Proper 28B: November 14, 2021



Most of us here are old enough to remember more than one doomsday cult or prediction. I am certain that, if we were to look hard enough, we would always eventually be able to find one, but every so often, one comes to national, or even global attention.

In my lifetime, the first I really remember was Y2K, so named for a software problem born from programmers who wanted to save some time and space and so left out the hundreds or thousands place in dates, which, we were warned, could cause all sorts of mayhem. Others felt that the turning of the millennia would be marked by the return of Christ, or perhaps the beginning of a period of tribulation.

We had a series of them about ten years ago, first with Harold Camping and his American Family Radio declaring that the world would end on, if I remember correctly, May 12, 2011. He, his group, and his doomsday prediction received national attention. I even received a call from a friend who was hoping that I, as a seminary student, could tell her how to best prepare herself in the few hours she had left.

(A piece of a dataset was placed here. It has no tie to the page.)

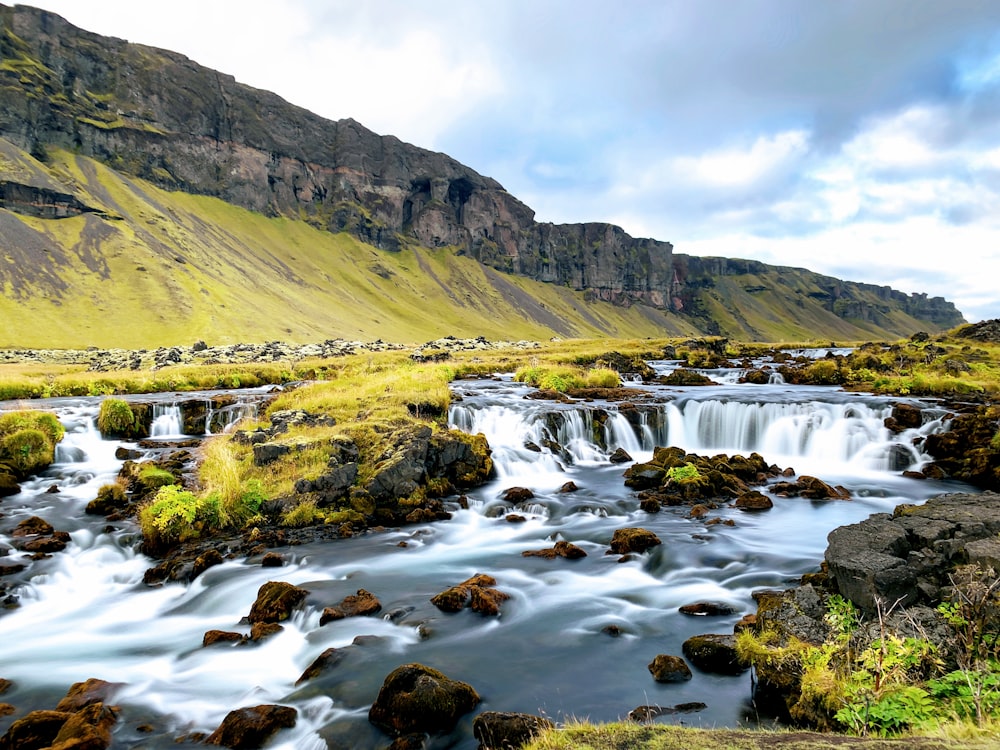 green and brown mountain beside river during daytime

Obviously, to those of us still here more than ten years later, May 12 came and passed without incident. As is often the case when these events come and go without incident, Harold Camping went back to his sources to check his math and made a new prediction, sometime in October of the same year. That day also obviously came and went, but then we had the whole Mayan prophecy thing. This particular doomsday scenario stemmed from the fact that hundreds of years ago, a group of Mayans carved a calendar into a large rock, and as is inevitable when writing dates on a finite surface, eventually ran out of room. This banal explanation, however, was not enough to keep the 2012 Mayan apocalypse from getting widespread attention and even a major Hollywood movie.

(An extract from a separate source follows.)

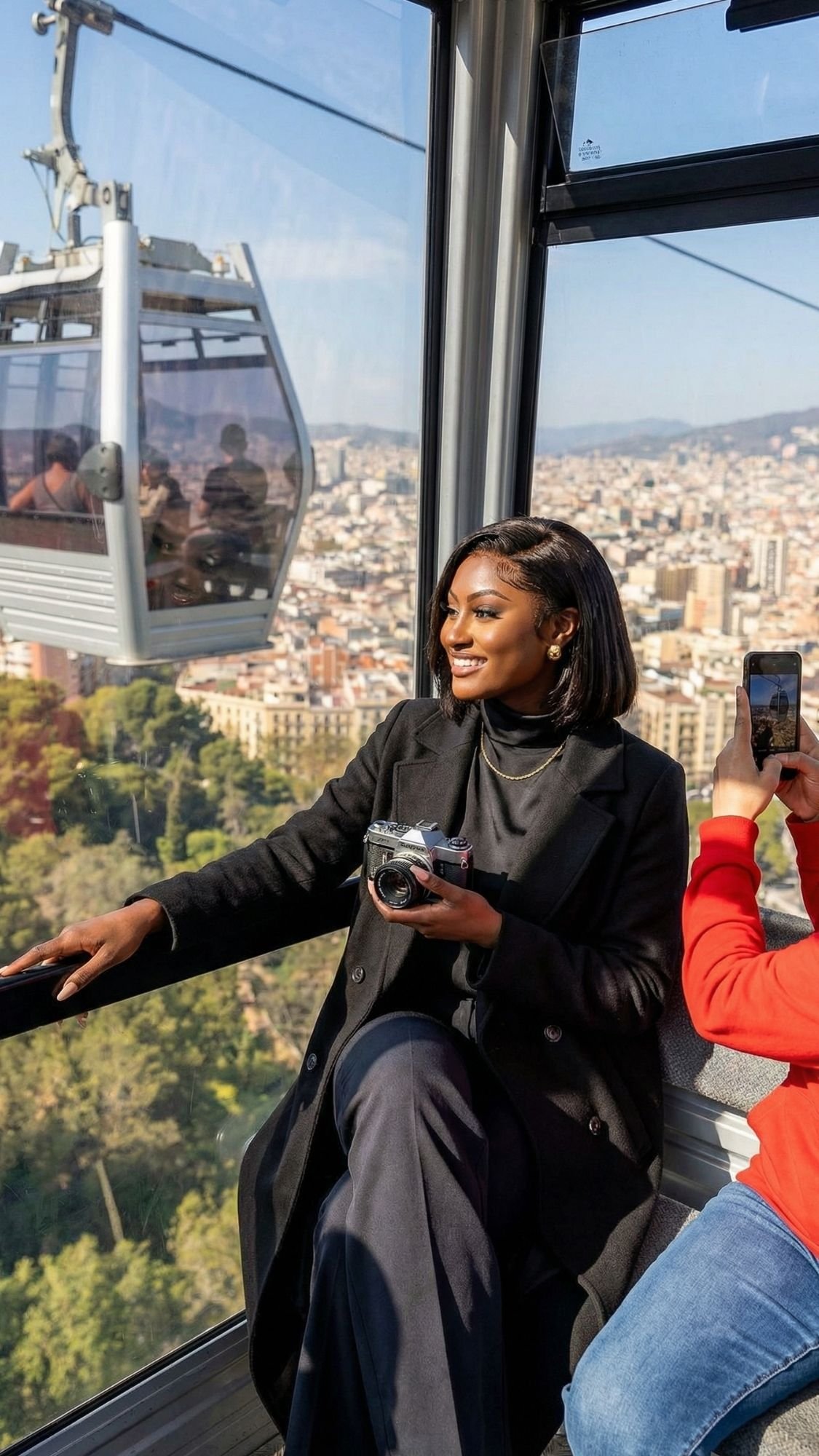 A woman in a black coat smiles and holds a camera while riding a cable car over Off Season Barcelona. Another person next to her takes a photo with a phone, capturing the city and green hills visible through the window.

Jesus, of course, saw all this coming. Elsewhere in scripture, in passages often read on the first Sunday of Advent, Jesus tells the disciples that no one, not even Jesus himself, knows the hour or the day. In today’s Gospel passage, Jesus warns the disciples, ““Beware that no one leads you astray. Many will come in my name and say, ‘I am he!’ and they will lead many astray. When you hear of wars and rumors of wars, do not be alarmed; this must take place, but the end is still to come. For nation will rise against nation, and kingdom against kingdom; there will be earthquakes in various places; there will be famines. This is but the beginning of the birth pangs”

Jesus knew and warned us that these predictions of doom will occur on an almost predictable cycle. People will look for cosmic answers to mundane events and can then be swept away. Once people have been swept away, they may become provoked to apathy. Why try to save a world that is already doomed? Why try to improve someone’s life if it will just be cut short tomorrow, or next week, or next month?

The unknown author of the letter to the Hebrews knows this as well, and perhaps was thinking of today’s passage from Mark as they wrote: “Let us hold fast to the confession of our hope without wavering, for he who has promised is faithful. And let us consider how to provoke one another to love and good deeds, not neglecting to meet together, as is the habit of some, but encouraging one another, and all the more as you see the Day approaching.”

I have thought much on the choice of that word, provoke. We usually think of provocations as leading to anger, to destruction. I mentioned earlier that doomsday scenarios provoke apathy, but also fear.

In the Letter to the Hebrews, we are challenged to provoke one another, but not to anger, fear, or apathy. “Provoke one another to love and good deeds.” Let this ever be our goal.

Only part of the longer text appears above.